- **GOAL OF THE EXERCISE**: Locate the line that contains "Studio - 450SF - Bathroom". Retype it and every line after it to the end of the records, exactly, but not the pictures.

Data excerpts:
* * * * * * *

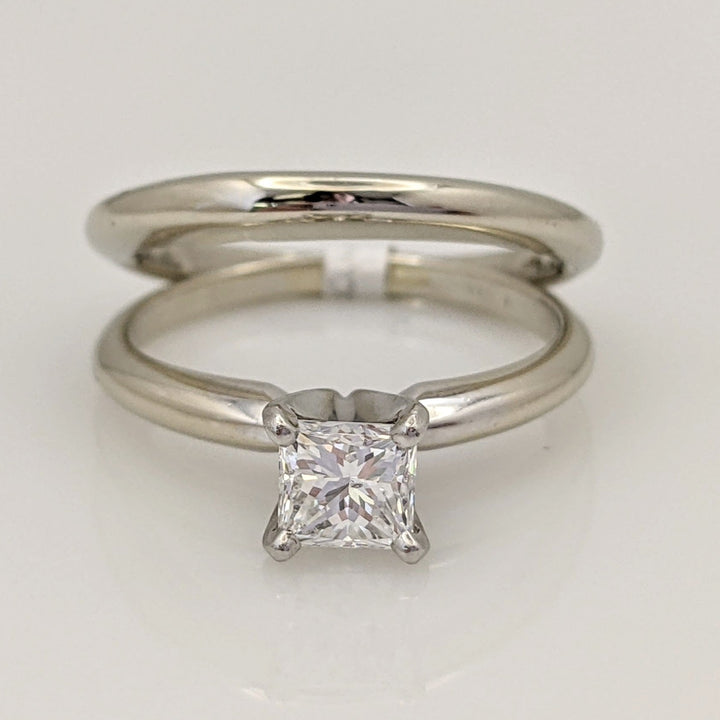14K WHITE .51 CARAT TOTAL SI2 D DIAMOND PRINCESS CUT SOLITAIRE ESTATE RING WITH BAND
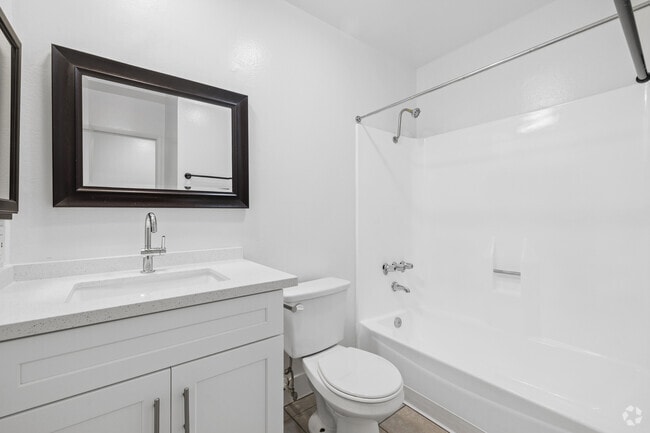 Studio - 450SF - Bathroom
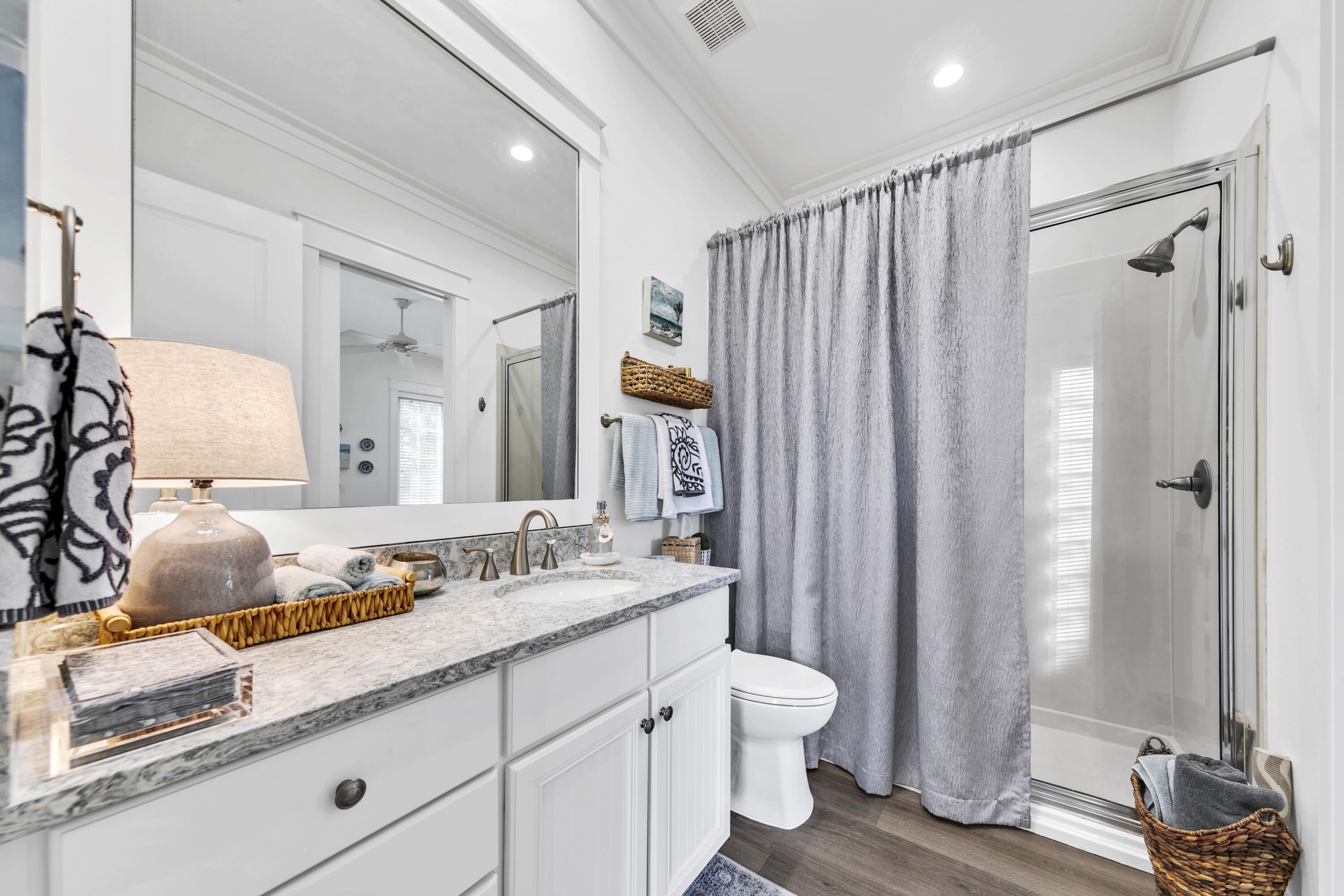 CARSON OAKS - Residential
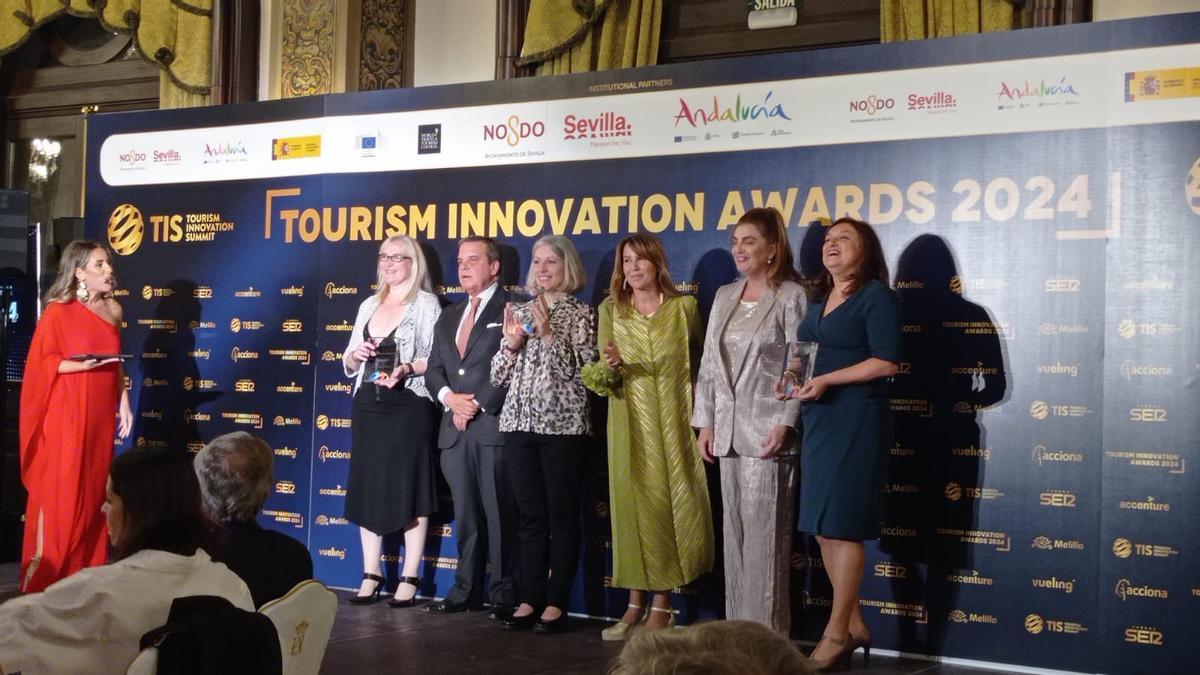 Patricia García junto a las finalistas de la categoría de Liderazgo Sostenible en los Premios de Innovación Turística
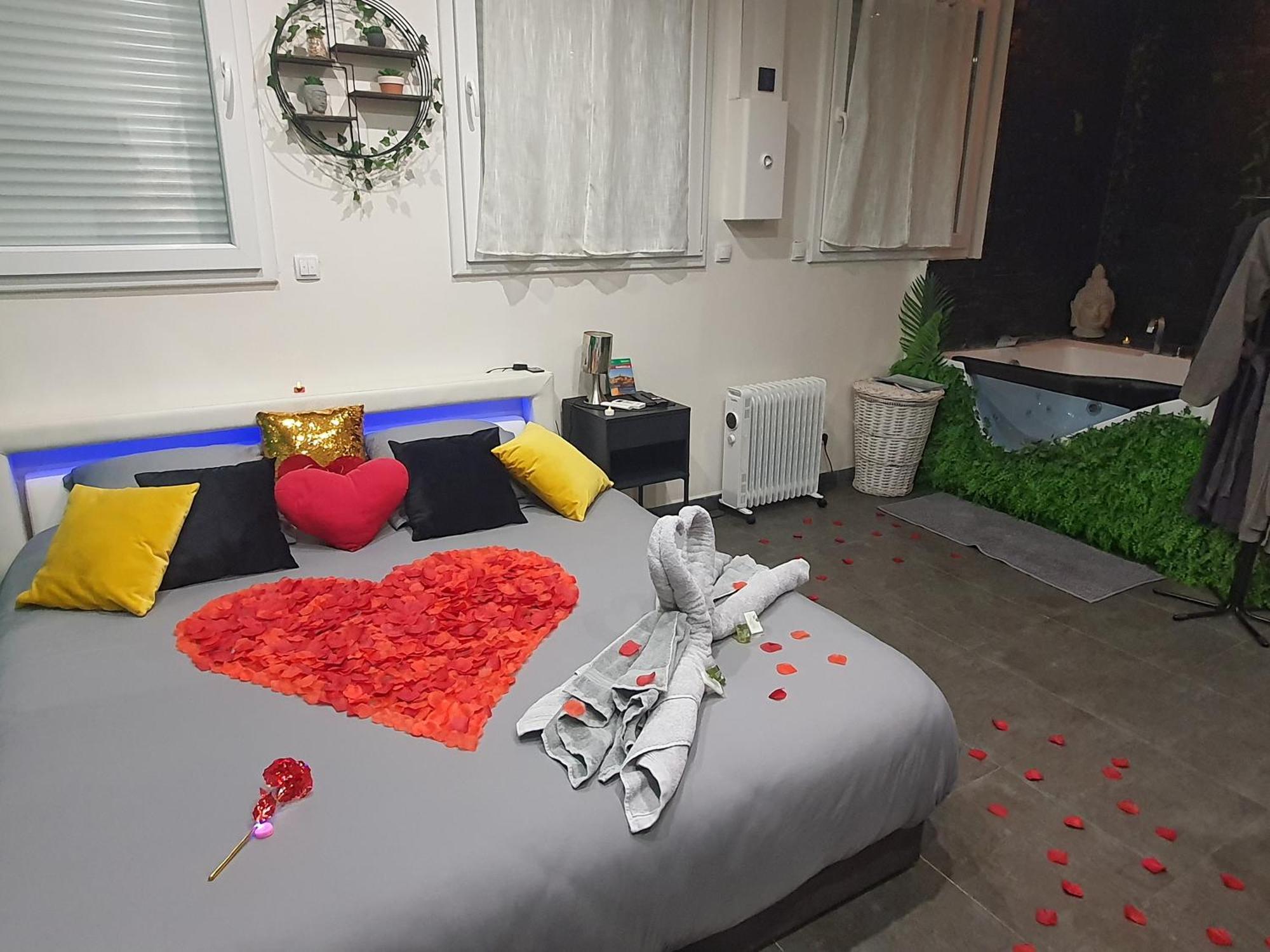 Suite Jacuzzi Privatif Plage Des Catalans Marseille Exteriér fotografie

* * * * * * *

- **REPLY TO THE TASK**:
 Studio - 450SF - Bathroom
 CARSON OAKS - Residential
 Patricia García junto a las finalistas de la categoría de Liderazgo Sostenible en los Premios de Innovación Turística
 Suite Jacuzzi Privatif Plage Des Catalans Marseille Exteriér fotografie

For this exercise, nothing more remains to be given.